The query suggestion module 104 basically comprises two modules: a query analyzer module 108 and a relevance processor module 110. The query analyzer module 108 feeds the query to the relevance processor module in order to get relevance information regarding potential alternate query words. These alternate query words and their relevance are then fed back to the query analyzer 108, which then determines whether or not to provide one or more alternate query suggestions 106.

FIG. 2 illustrates an exemplary environment 200 for implementing an embodiment of the invention. This environment 200 includes a general purpose computing device in the form of a computer 210. Components of the computer 210 may include, but are not limited to, a processing unit 220, a system memory 230, and a system bus 221 that couples various system components including the system memory to the processing unit 220. The system bus 221 may be any of several types of bus structures including a memory bus or memory controller, a peripheral bus, and a local bus using any of a variety of bus architectures. By way of example, and not limitation, such architectures include Industry Standard Architecture (ISA) bus, Micro Channel Architecture (MCA) bus, Enhanced ISA (EISA) bus, Video Electronics Standards Association (VESA) local bus, Accelerated Graphics Port (AGP) bus, and Peripheral Component Interconnect (PCI) bus also known as Mezzanine bus.

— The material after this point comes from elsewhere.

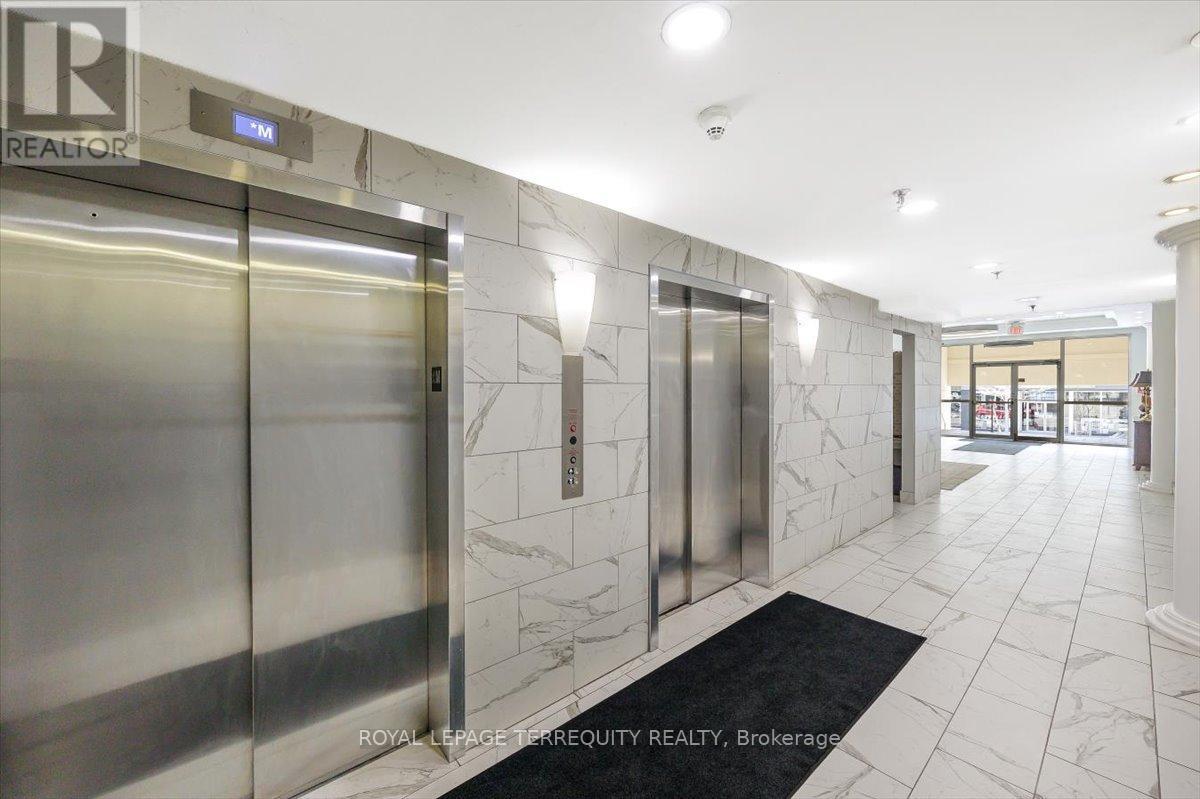 301 - 276 King Street W, Waterloo, Ontario  N2G 1B6 - Photo 31 - X12966048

The computer 210 typically includes a variety of computer-readable media. Computer-readable media can be any available media that can be accessed by the computer 210 and includes both volatile and nonvolatile media, and removable and non-removable media. By way of example, and not limitation, computer-readable media may comprise computer storage media and communication media. Computer storage media includes both volatile and nonvolatile, removable and non-removable media implemented in any method or technology for storage of information such as computer-readable instructions, data structures, program modules or other data. Computer storage media includes, but is not limited to, RAM, ROM, EEPROM, flash memory or other memory technology, CD-ROM, digital versatile disks (DVD) or other optical disk storage, magnetic cassettes, magnetic tape, magnetic disk storage or other magnetic storage devices, or any other medium which can be used to store the desired information and which can accessed by the computer 210. Communication media typically embodies computer-readable instructions, data structures, program modules or other data in a modulated data signal such as a carrier wave or other transport mechanism and includes any information delivery media. The term “modulated data signal” means a signal that has one or more of its characteristics set or changed in such a manner as to encode information in the signal. By way of example, and not limitation, communication media includes wired media such as a wired network or direct-wired connection, and wireless media such as acoustic, RF, infrared and other wireless media. Combinations of the any of the above should also be included within the scope of computer-readable media.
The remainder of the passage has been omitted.